As they drive cross-country, Saul relates to Aileen his own experiences with a strict Jewish upbringing, and his marital difficulties, in an attempt to get Aileen to open up. As Aileen gets more comfortable with Saul, the topic of Raqim Faisel comes up. Aileen's desire to secure a proper Muslim burial for Raqim compels her to cooperate. She tells Saul everything she knows. Saul calls Estes (David Harewood) and tells him that Aileen's job was to buy the house near the airport and wait for a visitor. The visitor spent over an hour on the roof. Estes sends Galvez (Hrach Titizian) over to the house to inspect the roof. He discovers that there is a direct line of sight to a landing pad for Marine One, the President's helicopter, and that it is within an expert sniper's range.

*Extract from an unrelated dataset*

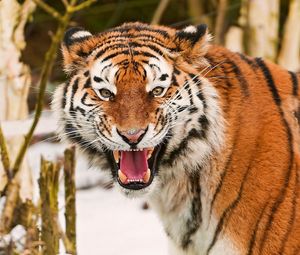 Preview wallpaper tiger, face, striped, predators, big cat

Carrie and Brody cook dinner and have sex again. During the night, Brody has a nightmare. He wakes up yelling out "Issa! No!" Carrie hears this and tries to calm him down.

The next morning, Brody considers leaving Jessica for Carrie until he figures out that Carrie suspects him of being a terrorist. While discussing breakfast, Carrie slips up and mentions Brody's favorite brand of tea: Yorkshire Gold. Brody asks how she knows the tea he drinks and accuses her of spying on him. Carrie, knowing she has been caught, elects to turn the tables; she directly accuses Brody of being an agent of al-Qaeda. Brody reacts incredulously and challenges Carrie to ask him anything she wants. Carrie obliges and grills Brody about all his suspicious behavior since his return and the holes in his story. Brody maintains his innocence but makes some revelations. He admits his conversion to Islam and that he often prays in his garage. He says the "Issa" he mentioned in his dream was the name of a guard who treated him well. He did beat Walker to death, given the choice of killing Walker or being killed himself. He had indeed met Abu Nazir but concealed it from everyone because he had a genuine affection for the man. His suspicious finger movements are a reflexive motion coming from clutching prayer beads.

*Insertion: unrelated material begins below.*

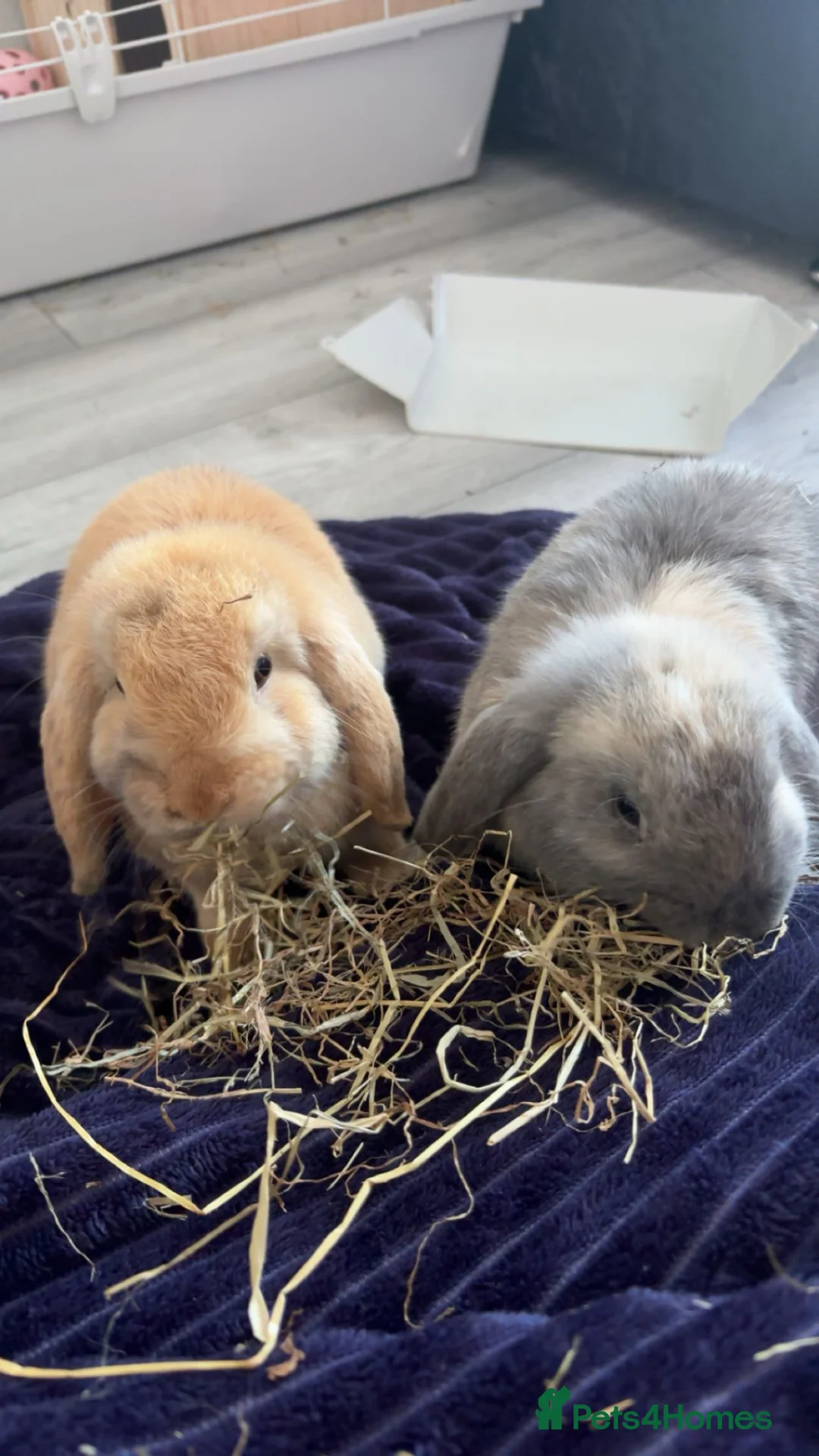 Mini Lop rabbits for sale: 2 Lop bunnies for sale  in Birmingham - Advert 2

As Brody is leaving, Saul calls Carrie. He reports that Aileen has identified the "visitor" who was on the roof of her house. It was Tom Walker. Not only is he alive, but he is the prisoner of war who was turned. Upon hearing this, Carrie rushes out to Brody to apologize. She desperately tries to explain that despite her suspicions, the time they spent together "was real". Brody leaves, feeling betrayed, and Carrie is reduced to tears. Brody arrives home that night, and peeks in on his wife and kids as they lie in bed. He sits down in the living room and starts crying.

==Production==
The episode was written by consulting producer Meredith Stiehm, her first of two writing credits for the first season. It was directed by executive producer Michael Cuesta, his third of the four episodes he directed for the first season.

==Reception==

===Reviews===
"The Weekend" received overwhelming critical acclaim and was described by both the creators of the show and Damian Lewis as a "watershed" episode.

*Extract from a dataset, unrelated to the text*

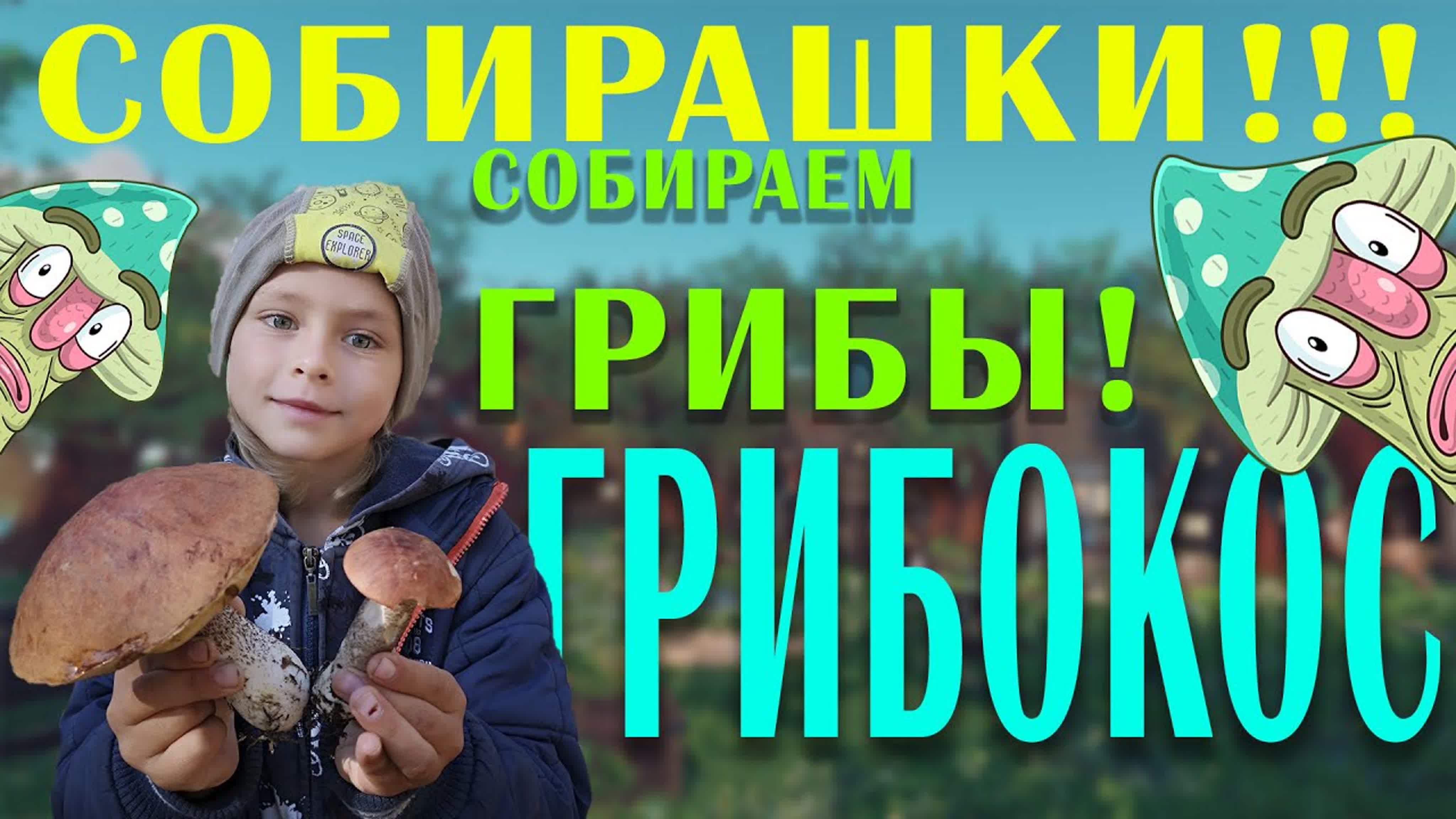 Собирашки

Salon.com's Matt Zoller Seitz thought the episode was "so deftly written, acted and directed — and so unconventionally yet elegantly structured — that it flirted with perfection". Emily VanDerWerff of The A.V. Club gave it an "A" grade, and said of the final conversation between Carrie and Brody "pitch-perfect, from beginning to end, and it was the sort of thing you’d expect to see in a season finale or penultimate episode, so fraught with tension and revelation was it". TIMEs James Poniewozik praised the audacity of the writing, saying "in this stunner of an episode, Homeland blew up its status quo."

TV Guide, The Atlantic, GQ, and Salon.com all named "The Weekend" as one of the best episodes in all of television in 2011.

===Ratings===
"The Weekend" was first broadcast on November 13, 2011, on Showtime. It received a 0.6 Nielsen rating/share in the 18–49 demographic, and attracted 1.42 million American viewers, which was a fifth consecutive increase in viewership for Homeland week-to-week. It would end up as the second highest rated episode of the season.